# [TASK DETAILS]
Your task is to copy every line of the entries that contains "Online".

# [MATERIAL TO PROCESS]
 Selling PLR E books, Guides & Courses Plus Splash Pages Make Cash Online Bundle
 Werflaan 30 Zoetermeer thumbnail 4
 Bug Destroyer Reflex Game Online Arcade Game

---

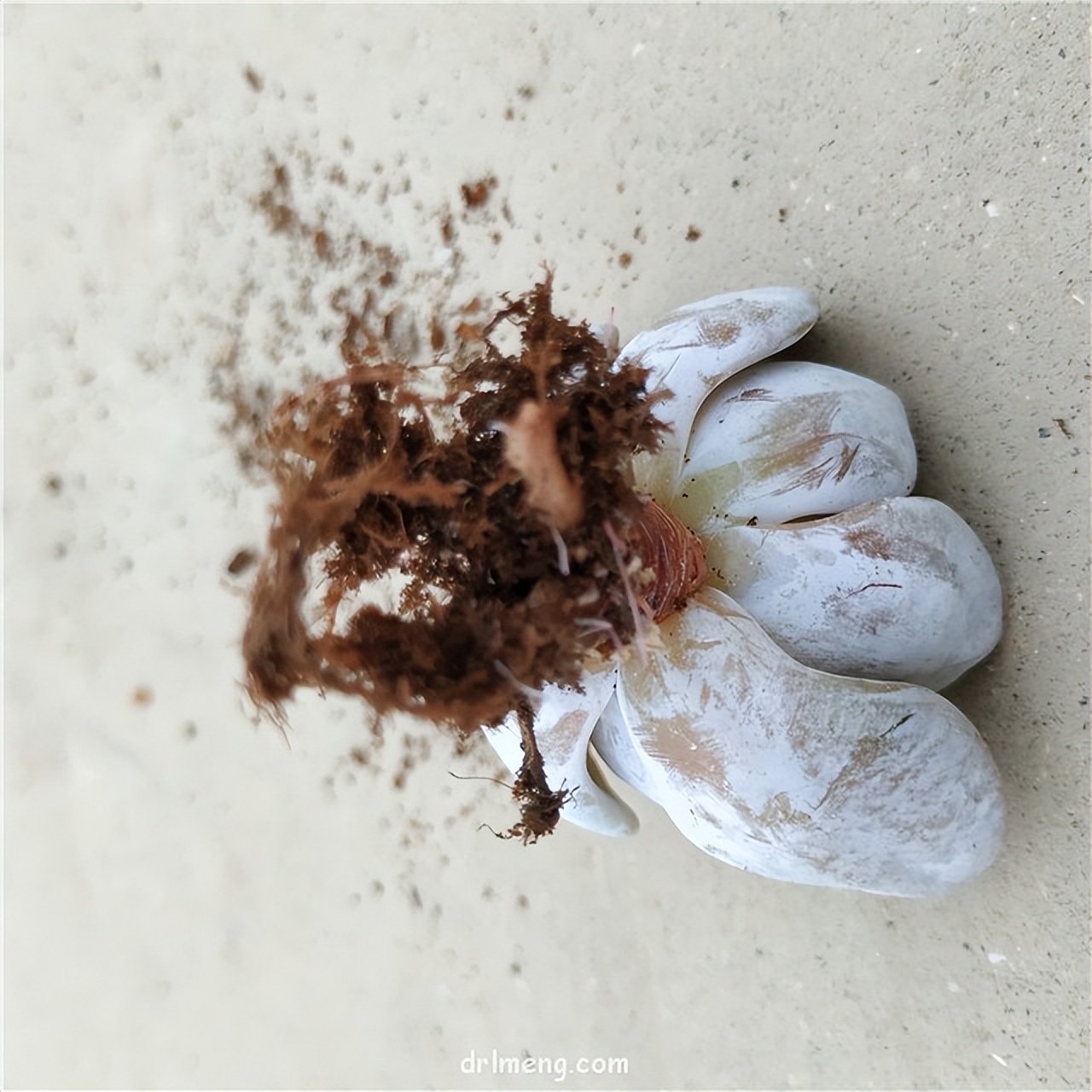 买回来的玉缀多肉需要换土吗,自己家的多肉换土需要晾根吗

# [EXERCISE RESULT]
 Selling PLR E books, Guides & Courses Plus Splash Pages Make Cash Online Bundle
 Bug Destroyer Reflex Game Online Arcade Game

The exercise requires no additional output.